В 20.00 нас выгоняют из школы — к подсчету не допускают. На крыльце собралось около сотни человек в ожидании результатов. Мы рассказываем им о досрочном голосовании и многократных расхождениях между нашими цифрами и официальными. Подходит мужчина с флагом — это уже несанкционированный митинг.
Вскоре приходят пять омоновцев. Главный из них вежливо говорит: мы охраняем порядок, пожалуйста, только не мешайте движению машин — и все будет хорошо. Прошу его назваться — он называет фамилию и инициалы: «АА». — «Как батарейка? Инициалы не расшифровываются?» — Улыбается: «Нет, не расшифровываются». — «А звание?» — «Без звания». — «Ну как так — без звания? Обидно же». — «Сержант».
Наши дежурные милиционеры общаются с омоновцами, и те выходят за территорию школы. К ней подъезжают две машины администрации Ленинского района, в одной из них 8-го возили куда-то председателей комиссий. Протоколов нет. Милиционеры говорят, что сначала вывезут комиссию и только потом повесят протоколы. Председателей и заместителей грузят в машины и вывозят от заднего входа — жаль, мы поздно сориентировались. Уже темно. Спустя некоторое время вешают протоколы — цифры (такие же, как почти повсеместно) вызывают только хохот и ругань. Если сложить их явку досрочного голосования с реальной явкой 9-го — проголосовало 105%. Они сами себя надули. Выходят, опустив головы, члены комиссий — в воздухе просто физически ощущается ненависть. Устраиваем обструкцию, хлопаем в ладоши, кричим: «Позор!» Когда они уходят, наша команда наблюдателей договаривается встретиться завтра, чтобы составить итоговое заявление в милицию о возбуждении уголовного дела и в районную комиссию — о признании протоколов недействительными и проведении пересчета. Милиционеры просят нас выйти за территорию школы — они тоже ужасно устали, им хочется домой. И тут подъезжает автозак. Не знаю как, но наши милиционеры связываются с карателями, говорят, что у нас все тихо-спокойно, все разошлись, — это мне потом Дима рассказал. Автозак уезжает, никто не задержан.

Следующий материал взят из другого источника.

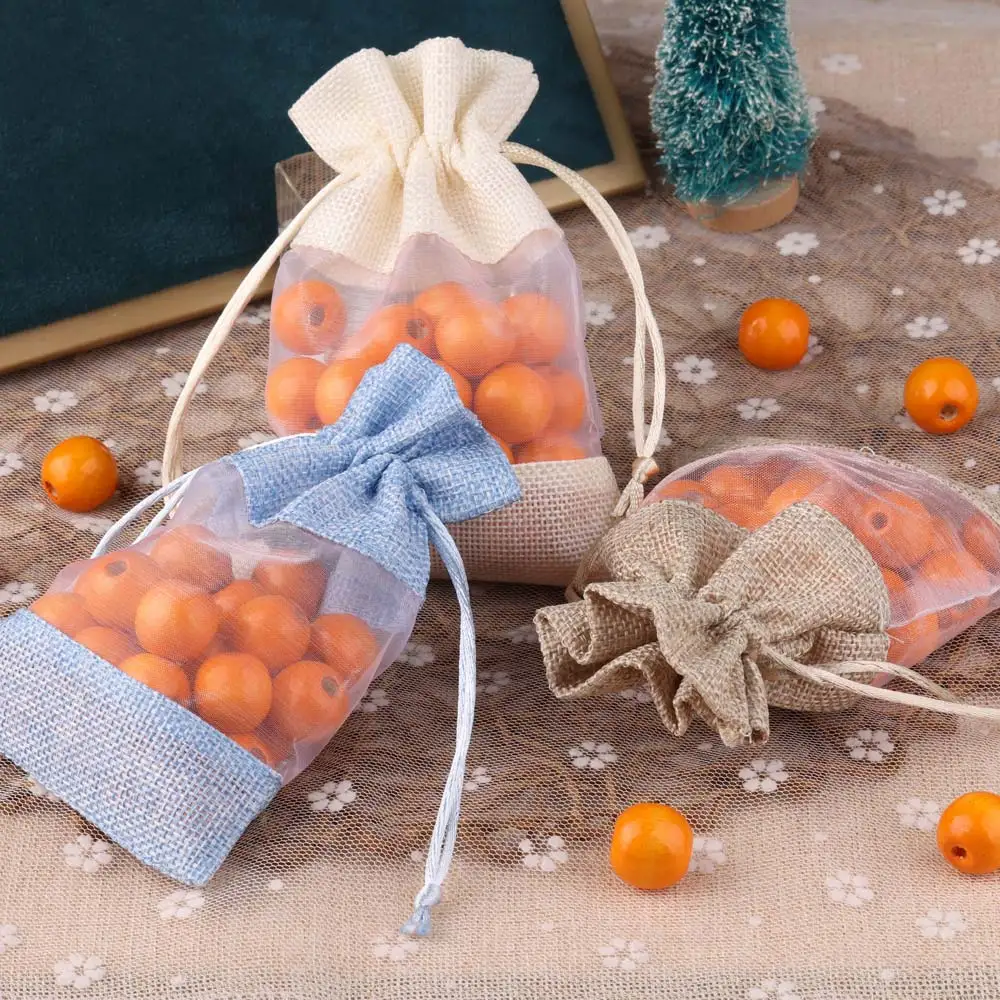 5pcs/lot Double-sided Transparent Linen Bag Drawstring Pocket Candy Wedding  Sachet Collection Jewelry Packaging Gift Bags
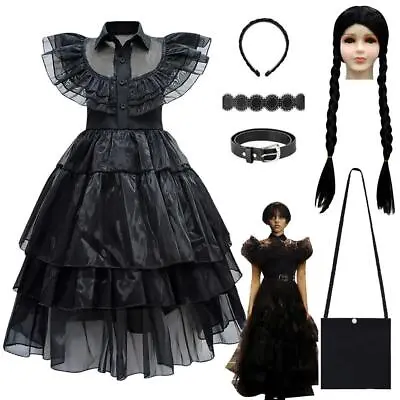 Kids Girls Wednesday The Addams Family Costume Fancy Mash Dress Christmas Gift • £21.99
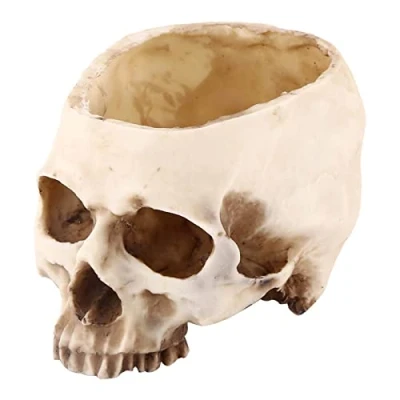 Abbildung von Goshyda Schädel Pflanzentopf, 1pc Harz große Schädelkopf Design Blumentopf Pflanzgefäß Behälter Dekoration für Verzierung, Behälter, Halloween Partei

Многие решают ехать в центр. Я захожу домой, чтобы оставить документы наблюдения, — жалко было бы их потерять, а всё может быть. К стеле не могу попасть. Добираюсь до пересечения Немиги с Парковой магистралью, когда спезназ уже вытесняет протестующих, по магистрали едут машины «скорой», милиции, автозаки. Deja vu.